O aporte inicial do investidor será alocado tanto no pagamento de dívidas da associação civil quanto na qualificação da equipe de futebol. Exemplo: se um grupo comprasse 80% das ações da SAF por R$400 milhões, R$200 milhões abateriam débitos e R$200 milhões seriam utilizados na atividade desportiva com o objetivo de gerar novas receitas.

Qual a obrigação da SAF em relação à associação civil?

Concluída a transação, a SAF terá de destinar 20% das receitas para quitar débitos da associação civil, além de 50% do lucro proporcionado pela operação do futebol.
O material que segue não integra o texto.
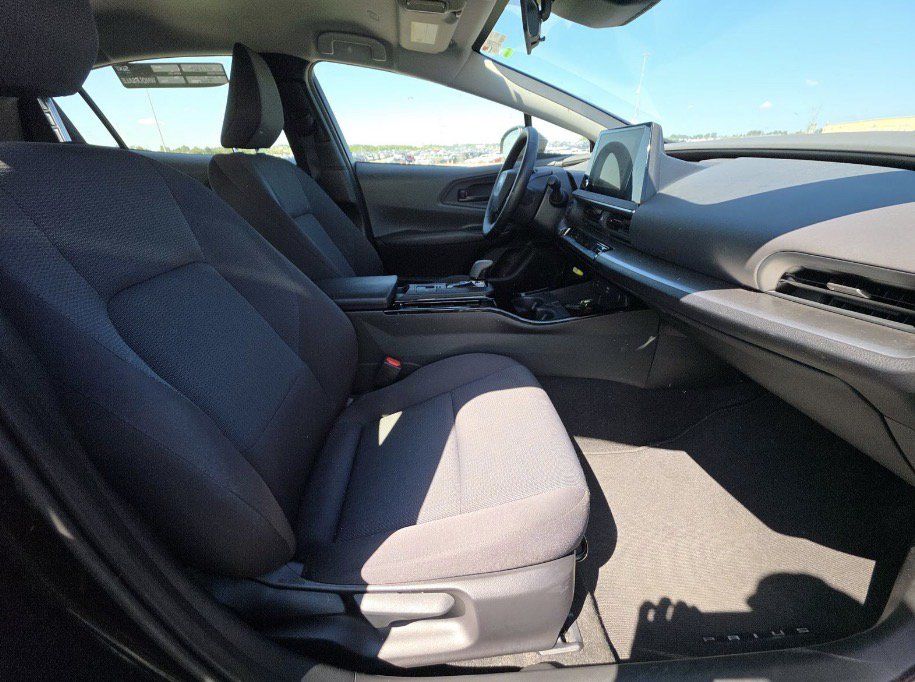 Used 2025 Toyota Prius LE FWD image 8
Se em seis anos 60% do passivo original for liquidado, o prazo para a extinção dos 40% restantes é prolongado por mais quatro anos. Ou seja, em um eventual acordo fechado em 2022, o Cruzeiro SAF teria até 2032 para “zerar” as pendências do CNPJ antigo.




O que ficará com a associação civil?

O investidor do Cruzeiro comprará somente a operação do futebol. Patrimônios como a sede administrativa do Barro Preto, os clubes sociais e as Tocas da Raposa I e II permanecem em propriedade da associação civil.

Quando o dinheiro chega?

O Cruzeiro espera ter o capital em mãos em abril ou maio de 2022 - desde que feche com o investidor em janeiro ou fevereiro. Todavia, há o risco de as conversas demorarem meses ou anos para serem concretizadas.

De onde é o investidor?

Pedro Mesquita, head do banco de investimentos da XP, afirmou que os interessados em comprar as ações do Cruzeiro são grupos da Europa, dos Estados Unidos e do Oriente Médio. Os nomes não foram revelados em virtude de cláusulas de confidencialidade.